Directions for this task:
Starting with the line containing "Tiara（ティアラ）の「ハ" and going on through the line containing "Wear Your Voice.", return the lines of the data below exactly, and only those.
Content starts
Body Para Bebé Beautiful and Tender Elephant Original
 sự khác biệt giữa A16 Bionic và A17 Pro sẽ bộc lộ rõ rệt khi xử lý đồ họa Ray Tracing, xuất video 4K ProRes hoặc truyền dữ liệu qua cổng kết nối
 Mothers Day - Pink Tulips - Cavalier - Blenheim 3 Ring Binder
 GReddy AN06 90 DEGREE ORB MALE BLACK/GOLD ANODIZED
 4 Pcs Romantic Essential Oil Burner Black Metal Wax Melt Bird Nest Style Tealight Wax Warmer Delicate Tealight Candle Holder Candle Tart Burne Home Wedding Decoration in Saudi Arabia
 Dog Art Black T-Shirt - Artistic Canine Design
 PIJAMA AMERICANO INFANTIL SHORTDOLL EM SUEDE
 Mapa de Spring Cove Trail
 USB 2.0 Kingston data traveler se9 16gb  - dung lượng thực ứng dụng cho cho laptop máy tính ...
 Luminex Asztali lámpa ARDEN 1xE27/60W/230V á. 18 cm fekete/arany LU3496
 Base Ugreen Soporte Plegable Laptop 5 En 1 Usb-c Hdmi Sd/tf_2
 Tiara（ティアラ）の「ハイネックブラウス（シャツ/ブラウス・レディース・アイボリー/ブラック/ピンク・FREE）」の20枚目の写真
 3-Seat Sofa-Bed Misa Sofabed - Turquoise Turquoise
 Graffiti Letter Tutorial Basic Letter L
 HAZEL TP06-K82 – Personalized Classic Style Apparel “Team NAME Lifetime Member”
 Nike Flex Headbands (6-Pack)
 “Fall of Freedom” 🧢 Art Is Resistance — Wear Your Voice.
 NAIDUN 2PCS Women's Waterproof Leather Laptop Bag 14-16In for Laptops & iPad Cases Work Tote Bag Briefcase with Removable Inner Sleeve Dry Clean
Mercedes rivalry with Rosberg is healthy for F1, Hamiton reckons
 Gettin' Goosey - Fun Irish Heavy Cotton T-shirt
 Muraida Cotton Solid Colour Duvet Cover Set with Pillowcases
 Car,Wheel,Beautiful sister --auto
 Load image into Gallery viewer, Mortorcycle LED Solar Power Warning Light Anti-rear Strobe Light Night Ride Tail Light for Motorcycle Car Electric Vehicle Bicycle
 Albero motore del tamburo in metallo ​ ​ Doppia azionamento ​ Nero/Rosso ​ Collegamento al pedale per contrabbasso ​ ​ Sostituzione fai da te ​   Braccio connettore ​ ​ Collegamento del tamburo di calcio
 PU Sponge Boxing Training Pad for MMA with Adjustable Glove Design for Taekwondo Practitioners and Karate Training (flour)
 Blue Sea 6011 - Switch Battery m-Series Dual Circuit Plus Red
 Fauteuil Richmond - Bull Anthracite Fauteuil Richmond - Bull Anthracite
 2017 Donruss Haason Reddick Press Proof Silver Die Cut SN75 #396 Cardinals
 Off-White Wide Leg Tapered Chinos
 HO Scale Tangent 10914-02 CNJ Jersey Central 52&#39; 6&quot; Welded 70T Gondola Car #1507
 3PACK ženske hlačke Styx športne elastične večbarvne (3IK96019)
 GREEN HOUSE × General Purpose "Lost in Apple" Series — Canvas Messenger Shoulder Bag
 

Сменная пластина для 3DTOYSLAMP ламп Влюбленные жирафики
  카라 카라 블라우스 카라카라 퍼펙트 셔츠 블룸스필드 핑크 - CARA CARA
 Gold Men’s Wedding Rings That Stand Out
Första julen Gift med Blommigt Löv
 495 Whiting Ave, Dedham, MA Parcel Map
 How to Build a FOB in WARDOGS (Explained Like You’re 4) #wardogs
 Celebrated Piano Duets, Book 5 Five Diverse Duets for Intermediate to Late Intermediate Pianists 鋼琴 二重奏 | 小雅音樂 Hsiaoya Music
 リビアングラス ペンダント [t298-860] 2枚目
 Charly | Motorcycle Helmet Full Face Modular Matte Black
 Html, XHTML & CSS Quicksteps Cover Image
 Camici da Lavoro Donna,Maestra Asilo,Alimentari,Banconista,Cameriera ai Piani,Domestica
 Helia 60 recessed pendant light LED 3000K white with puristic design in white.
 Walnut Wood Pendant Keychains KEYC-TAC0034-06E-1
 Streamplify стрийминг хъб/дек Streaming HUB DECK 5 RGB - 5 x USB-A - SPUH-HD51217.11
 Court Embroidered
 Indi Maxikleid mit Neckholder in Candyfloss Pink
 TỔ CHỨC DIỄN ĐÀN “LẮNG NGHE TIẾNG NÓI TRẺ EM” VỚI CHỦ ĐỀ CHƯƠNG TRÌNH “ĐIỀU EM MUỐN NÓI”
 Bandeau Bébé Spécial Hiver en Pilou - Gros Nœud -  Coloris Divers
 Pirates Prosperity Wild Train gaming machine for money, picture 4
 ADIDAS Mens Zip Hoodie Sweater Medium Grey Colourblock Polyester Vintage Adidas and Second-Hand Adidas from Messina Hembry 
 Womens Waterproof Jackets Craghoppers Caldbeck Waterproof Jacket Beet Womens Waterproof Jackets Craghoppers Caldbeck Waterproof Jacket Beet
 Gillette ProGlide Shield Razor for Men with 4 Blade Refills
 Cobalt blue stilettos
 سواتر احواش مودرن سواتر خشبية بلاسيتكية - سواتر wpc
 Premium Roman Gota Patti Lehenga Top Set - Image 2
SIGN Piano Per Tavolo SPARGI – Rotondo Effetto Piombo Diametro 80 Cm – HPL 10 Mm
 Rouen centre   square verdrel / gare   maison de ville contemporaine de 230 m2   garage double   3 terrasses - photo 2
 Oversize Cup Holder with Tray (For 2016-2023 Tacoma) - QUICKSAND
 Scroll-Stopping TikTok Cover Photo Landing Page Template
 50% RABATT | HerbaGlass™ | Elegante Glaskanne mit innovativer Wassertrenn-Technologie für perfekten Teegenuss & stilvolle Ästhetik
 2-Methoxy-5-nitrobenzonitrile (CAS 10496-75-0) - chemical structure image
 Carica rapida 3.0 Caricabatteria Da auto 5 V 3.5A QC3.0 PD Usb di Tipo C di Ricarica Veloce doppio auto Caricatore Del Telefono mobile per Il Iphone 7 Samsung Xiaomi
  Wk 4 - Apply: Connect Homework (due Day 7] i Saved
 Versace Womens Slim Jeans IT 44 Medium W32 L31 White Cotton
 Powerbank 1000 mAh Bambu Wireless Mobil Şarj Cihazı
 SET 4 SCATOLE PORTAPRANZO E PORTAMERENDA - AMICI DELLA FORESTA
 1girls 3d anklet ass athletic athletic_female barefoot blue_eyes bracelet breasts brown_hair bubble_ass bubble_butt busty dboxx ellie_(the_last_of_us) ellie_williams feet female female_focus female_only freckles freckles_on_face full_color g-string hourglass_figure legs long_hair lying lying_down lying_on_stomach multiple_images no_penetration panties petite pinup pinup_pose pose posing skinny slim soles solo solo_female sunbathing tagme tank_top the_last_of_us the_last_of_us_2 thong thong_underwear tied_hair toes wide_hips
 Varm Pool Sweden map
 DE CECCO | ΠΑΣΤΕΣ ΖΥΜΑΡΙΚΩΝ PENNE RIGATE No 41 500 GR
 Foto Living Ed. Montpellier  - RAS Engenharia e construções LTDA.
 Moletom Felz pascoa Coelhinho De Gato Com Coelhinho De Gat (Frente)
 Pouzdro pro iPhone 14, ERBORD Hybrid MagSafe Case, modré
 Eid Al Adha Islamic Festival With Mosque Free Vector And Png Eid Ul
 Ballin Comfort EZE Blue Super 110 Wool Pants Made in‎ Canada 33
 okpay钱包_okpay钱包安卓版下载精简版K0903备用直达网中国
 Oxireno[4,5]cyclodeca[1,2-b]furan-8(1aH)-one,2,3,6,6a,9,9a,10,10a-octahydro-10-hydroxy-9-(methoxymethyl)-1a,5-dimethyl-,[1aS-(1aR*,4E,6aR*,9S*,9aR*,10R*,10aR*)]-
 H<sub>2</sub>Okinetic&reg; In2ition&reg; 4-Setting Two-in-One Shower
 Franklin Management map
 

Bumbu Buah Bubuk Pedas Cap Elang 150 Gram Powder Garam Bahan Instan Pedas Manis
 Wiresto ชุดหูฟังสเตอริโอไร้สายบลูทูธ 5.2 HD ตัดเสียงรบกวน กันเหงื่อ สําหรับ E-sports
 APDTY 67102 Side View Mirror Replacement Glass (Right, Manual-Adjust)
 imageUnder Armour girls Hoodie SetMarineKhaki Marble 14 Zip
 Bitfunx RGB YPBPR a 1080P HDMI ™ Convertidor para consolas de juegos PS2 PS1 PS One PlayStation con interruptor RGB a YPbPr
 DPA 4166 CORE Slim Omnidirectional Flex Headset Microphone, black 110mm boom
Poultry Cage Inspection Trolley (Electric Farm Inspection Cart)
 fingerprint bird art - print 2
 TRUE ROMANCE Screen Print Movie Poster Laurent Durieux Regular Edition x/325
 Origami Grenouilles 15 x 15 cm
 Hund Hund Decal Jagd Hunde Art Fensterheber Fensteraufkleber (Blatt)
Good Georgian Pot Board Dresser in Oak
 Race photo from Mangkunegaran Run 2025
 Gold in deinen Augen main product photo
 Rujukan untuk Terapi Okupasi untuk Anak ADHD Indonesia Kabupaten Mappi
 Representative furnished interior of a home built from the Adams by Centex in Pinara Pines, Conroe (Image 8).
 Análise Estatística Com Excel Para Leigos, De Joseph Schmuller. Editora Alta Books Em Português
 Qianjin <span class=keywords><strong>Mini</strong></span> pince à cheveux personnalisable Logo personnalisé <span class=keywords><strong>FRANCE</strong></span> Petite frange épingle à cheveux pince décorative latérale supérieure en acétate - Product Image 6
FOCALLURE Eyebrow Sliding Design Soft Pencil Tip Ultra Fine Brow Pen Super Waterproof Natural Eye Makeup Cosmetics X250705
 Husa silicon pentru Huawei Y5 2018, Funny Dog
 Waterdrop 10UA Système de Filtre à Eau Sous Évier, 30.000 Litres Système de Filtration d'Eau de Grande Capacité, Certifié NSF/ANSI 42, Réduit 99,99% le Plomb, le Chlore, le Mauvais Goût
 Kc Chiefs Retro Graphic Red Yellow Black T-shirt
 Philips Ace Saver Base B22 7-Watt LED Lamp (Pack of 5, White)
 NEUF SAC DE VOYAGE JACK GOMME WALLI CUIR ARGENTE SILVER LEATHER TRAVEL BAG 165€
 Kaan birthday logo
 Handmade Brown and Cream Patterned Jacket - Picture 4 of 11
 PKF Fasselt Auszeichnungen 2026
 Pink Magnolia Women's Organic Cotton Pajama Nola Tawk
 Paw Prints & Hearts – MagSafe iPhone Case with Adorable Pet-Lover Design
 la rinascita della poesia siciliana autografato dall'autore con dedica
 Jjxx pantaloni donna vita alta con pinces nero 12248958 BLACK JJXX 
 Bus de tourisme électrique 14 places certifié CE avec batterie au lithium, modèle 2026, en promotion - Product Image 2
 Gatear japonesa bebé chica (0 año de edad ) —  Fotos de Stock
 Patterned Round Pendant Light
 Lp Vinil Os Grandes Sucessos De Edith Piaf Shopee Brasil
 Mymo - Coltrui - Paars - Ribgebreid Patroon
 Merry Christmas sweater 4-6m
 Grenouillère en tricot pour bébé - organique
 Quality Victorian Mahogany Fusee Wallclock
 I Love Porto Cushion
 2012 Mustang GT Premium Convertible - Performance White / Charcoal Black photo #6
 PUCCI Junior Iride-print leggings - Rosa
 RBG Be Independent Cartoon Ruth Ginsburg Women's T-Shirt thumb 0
Content ends
Response area:
 Tiara（ティアラ）の「ハイネックブラウス（シャツ/ブラウス・レディース・アイボリー/ブラック/ピンク・FREE）」の20枚目の写真
 3-Seat Sofa-Bed Misa Sofabed - Turquoise Turquoise
 Graffiti Letter Tutorial Basic Letter L
 HAZEL TP06-K82 – Personalized Classic Style Apparel “Team NAME Lifetime Member”
 Nike Flex Headbands (6-Pack)
 “Fall of Freedom” 🧢 Art Is Resistance — Wear Your Voice.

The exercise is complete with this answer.